I personally have no problem with having a stricter process to gun ownership with longer waiting periods and better background checks. I waited over a month to acquire a gun carry permit in my state.
So far as assault weapons go, a majority of them are no more than regular firearms with synthetic (black) stocks and in some cases a larger magazine capacity. Many hunters throughout the country use these guns solely for that purpose. So instead of having a clip that holds 50 rounds you have 10 clips that hold 5 rounds.

John’s memory of his Mom’s ban is correct. We were uncomfortable with guns, but respected the rights of others to own them. I seldom respond to John’s blogs because the words between a father and son for the most part should be private.

The tragedy in CT is beyond words as we try to come to grips with it, but it is important to begin a discussion to end these senseless acts. I am a proud father that John’s life work both public and private is always about making life better for all who come to know him.

I have read all the comments and am hopeful that as we debate ways to end these tragedies we will this time find the answer. As the president has said this must end. I don’t believe that the argument for and against more gun laws alone will provide the answer. We must rise above our own personal beliefs if we hope to find a solution. All of the shooters in recent memory have been mentally ill with one or more mental disorders. I don’t believe that even the most stringent gun laws will be able to keep guns out of the hands of the mentally ill and even if we succeed in getting stronger gun laws we must think and act beyond that. We must find a way of protecting the innocent from the criminally insane and we must do it in a more humane way then it was done in the mid-twentieth century during my time.

John is right that those with brain disorders should not be shunned, but there must be a way that will protect the innocent and those who suffer mental illness from hurting others and themselves. The debate about mental illness is an important one and may be the key to ending these tragedies. If we can only get beyond the argument that it is or not just guns then maybe we can end this as the President has said.
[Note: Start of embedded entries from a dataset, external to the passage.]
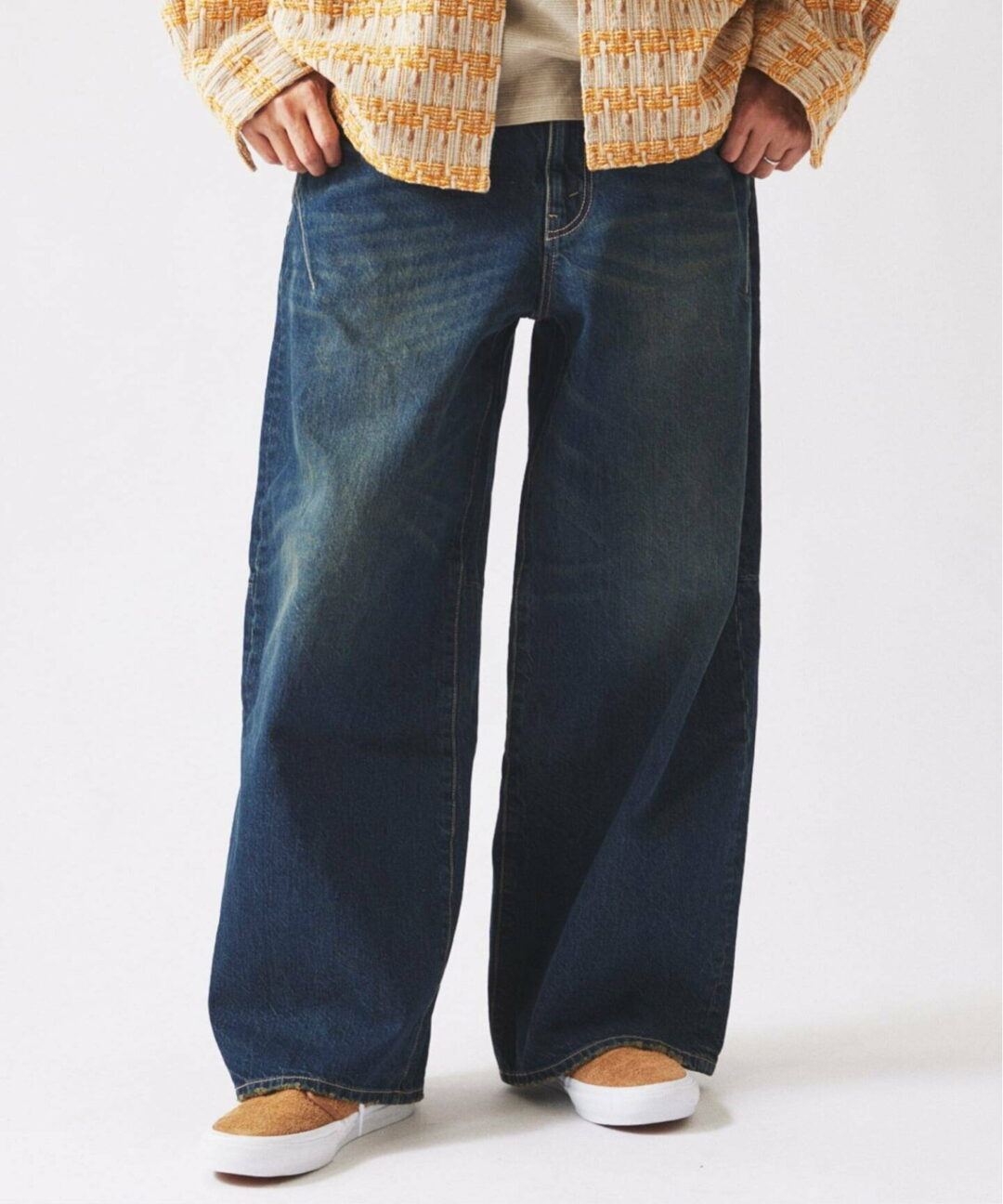 JOURNAL STANDARD relume 2026 SS スモーキーデニム 11oz “トジップブルゾン & ワイドパンツ 3型”が3月下旬 発売 (ジャーナルスタンダード)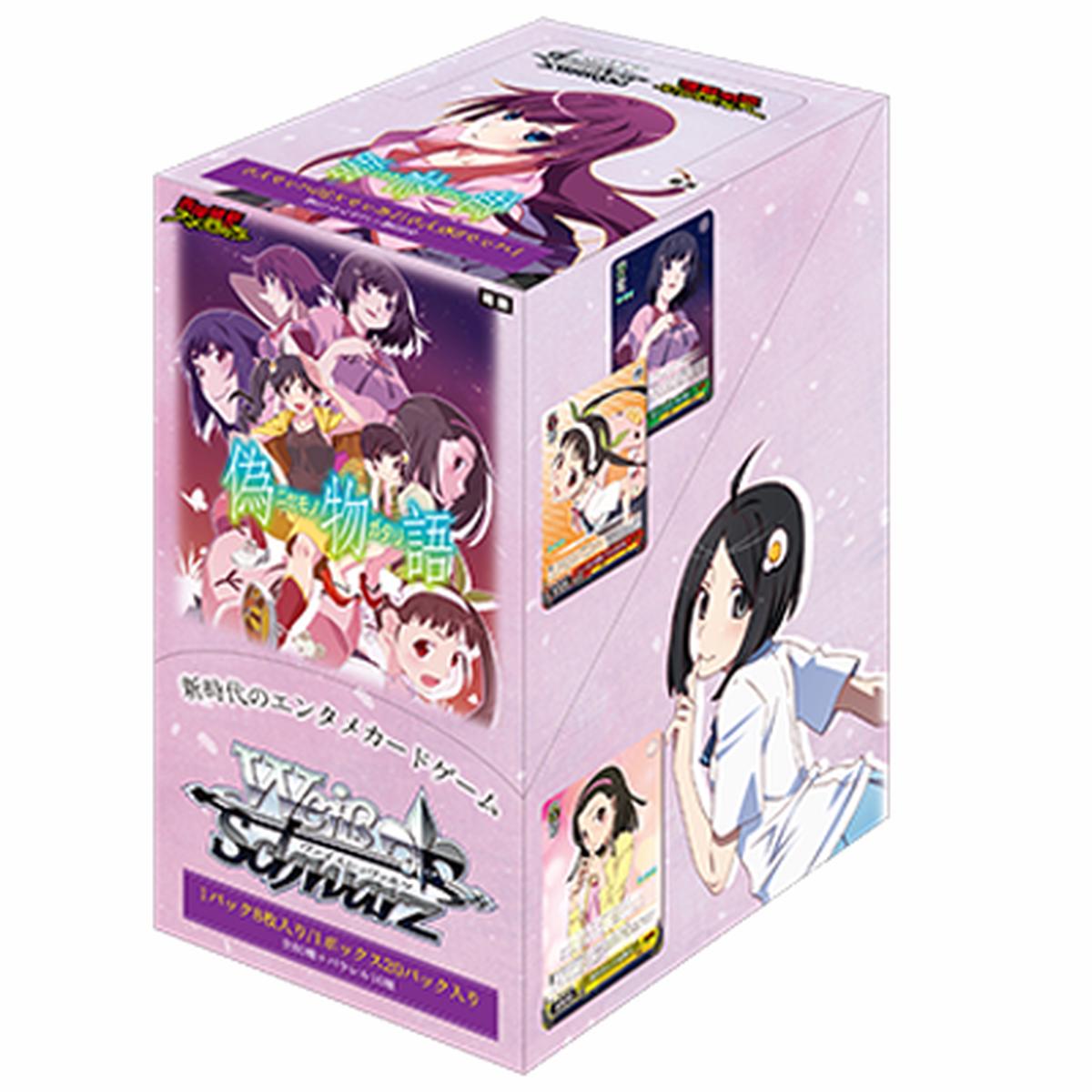 NISEMONOGATARI: Fake Tale - Weiss Schwarz Card Game - Booster Box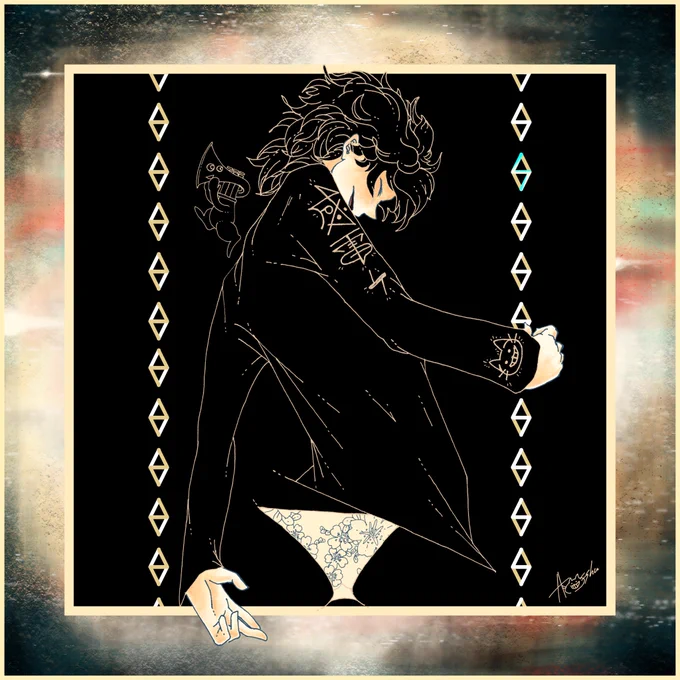 「感電」

#イラスト #illust #illustraion 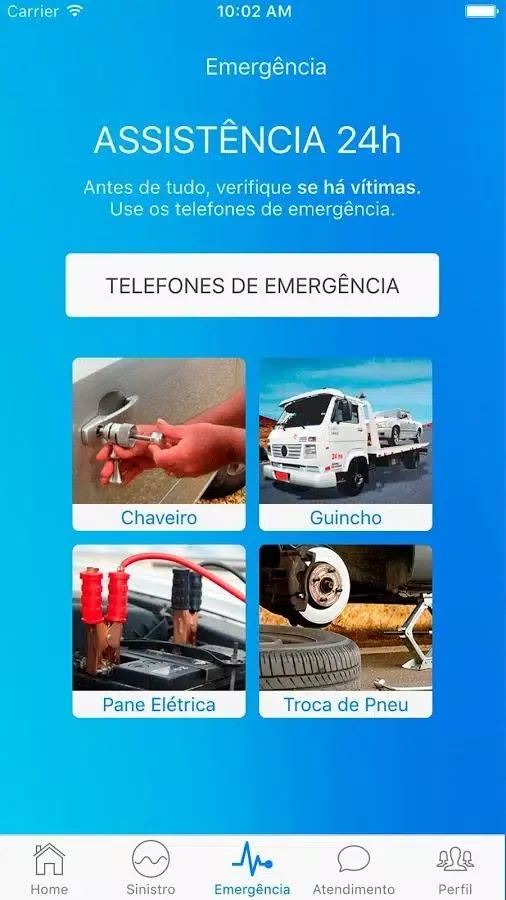 Noiva da Colina - Seguros Screenshots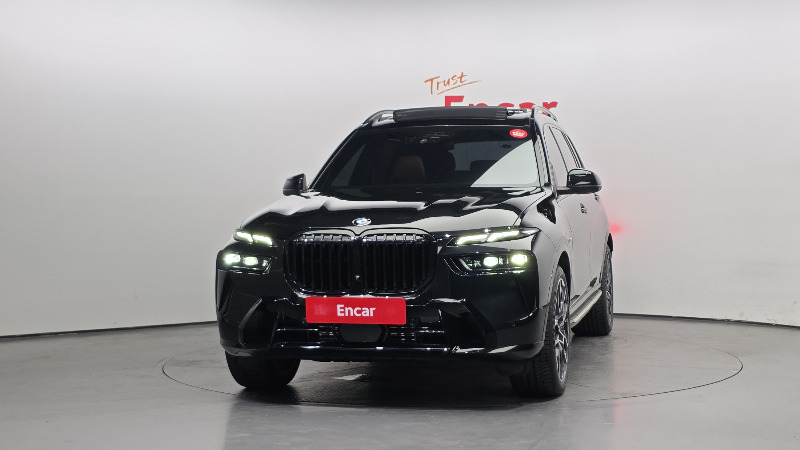 car BMW X7 id85514 photo #3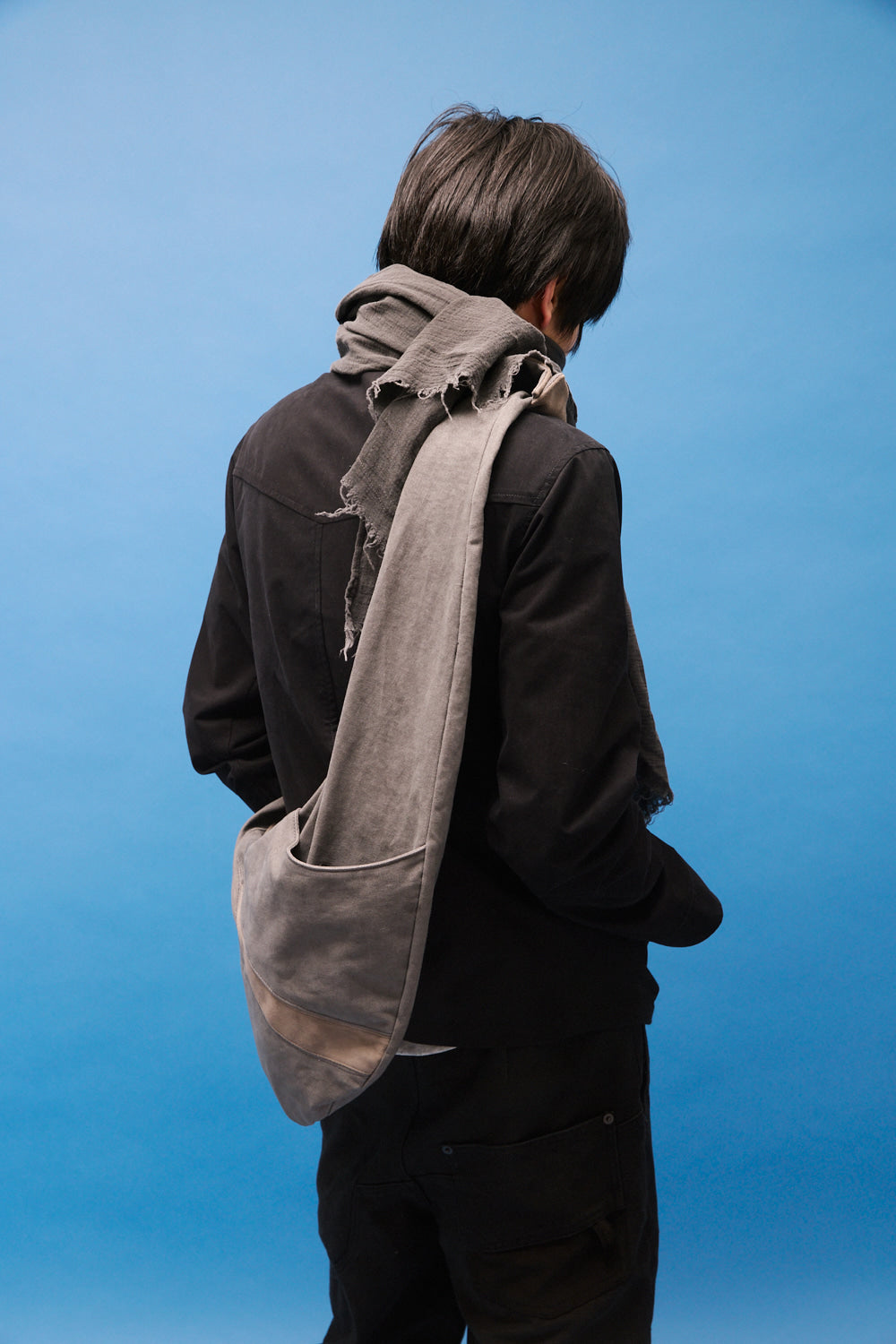 Hatchingroom - Curved Bag (Grey) product image 13 | TRAB K-Fashion Australia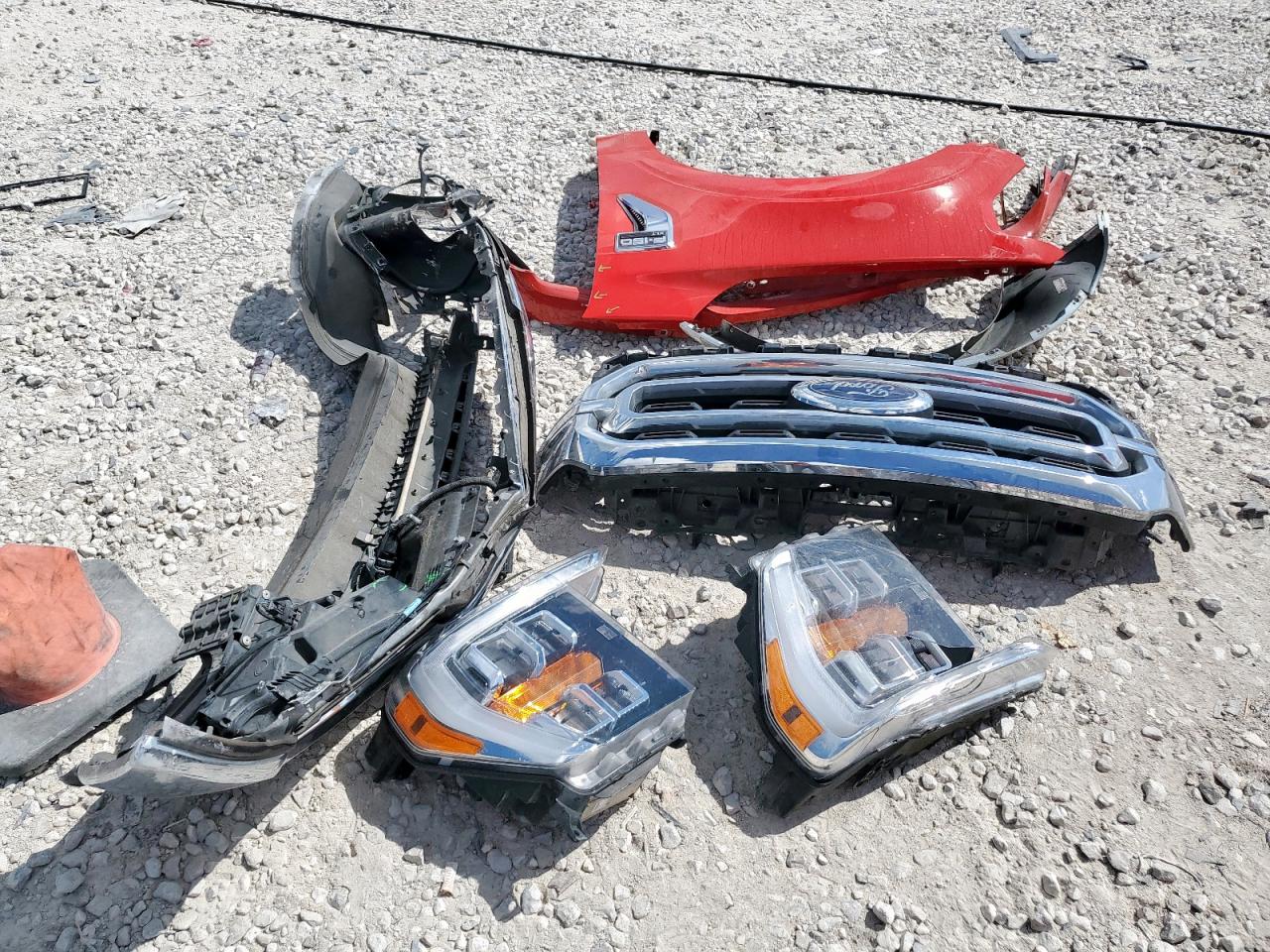 2021 Ford F150 Supercrew VIN: 1FTEW1C54MKE38631 Lot: 84775105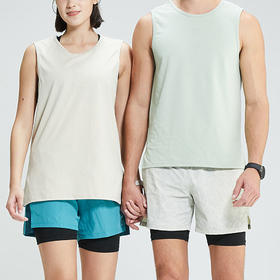 跃牌【跃LEAP-ACTIVE】系列 马拉松速干运动背心男女款训练透气背心4111009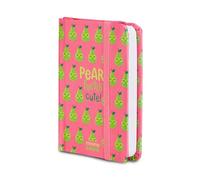 Mitama Agenda Bigiornaliera, Pearfect, Planning Mensile,12 mesi - da Gennaio a Dicembre 2025-158 pagine calendario + 50 pagine contenuti extra - 8 x 11 cm- Copertina Rigida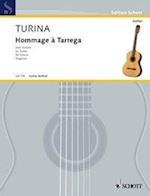 Hommage a Tarrega, Op. 69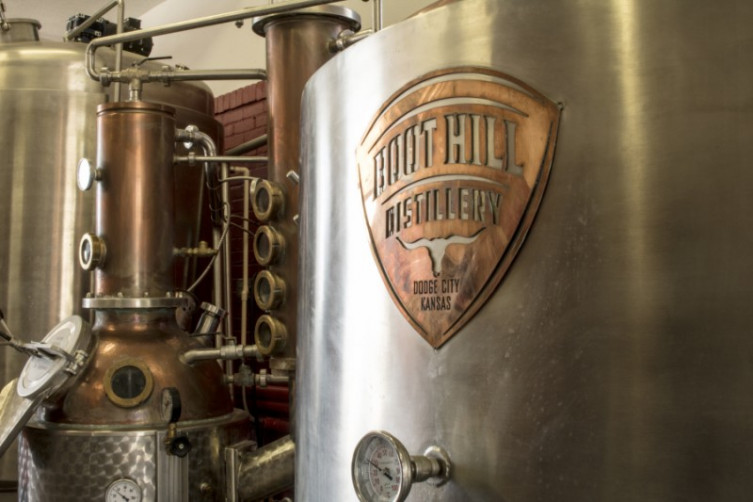 Boot Hill Distillery Stills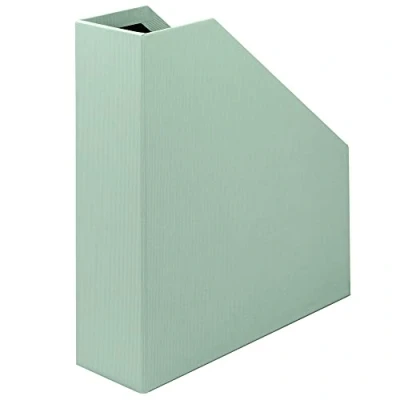 Imagen de Rössler Papier 1318452650 S.O.H.O. Revistero para DIN A4, 8,5 x 26 31,5 cm, Menta, 1 pieza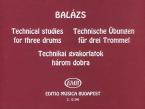 Technical Studies 1 For Three Drums 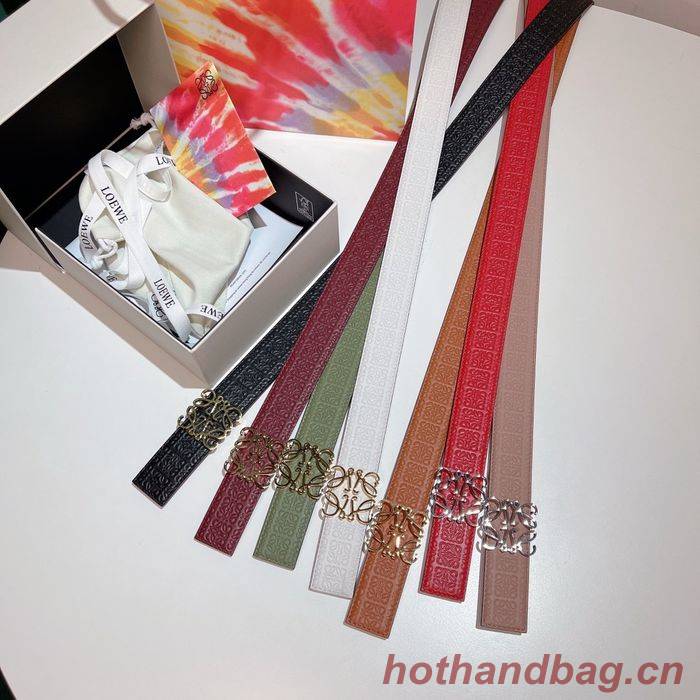 Loewe Belt 32MM LOB00009 Loewe Belt 32MM LOB00009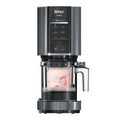 Ninja NC301 CREAMi Ice Cream Maker, for Gelato, Mix-ins, Milkshakes, Sorbet, Smoothie Bowls & More, 7 One-Touch Programs, with (2) Pint Containers & Lids, Compact Size, Perfect for Kids, Silver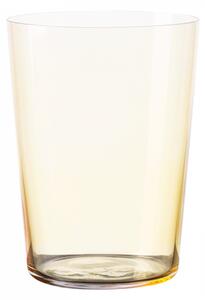 515 ml-es sárga Tumbler poharak 6 db-os készlet – 21st Century Glas Lunasol META Glass (322662)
@Bill Mandrola – THANK YOU very much for writing. Your comments mean a lot. I think there is growing consensus that this issue is about much more than just guns and gun laws. I personally think ban again assault weapon ownership by private citizens is an important first step to begin with – but that obviously will not solve the entire problem which is multifaceted. I agree that the President’s message was powerful – and hopefully will encourage coming together for the good of the country rather than sticking to polarizing arguments about rights to own (or not own) hand guns.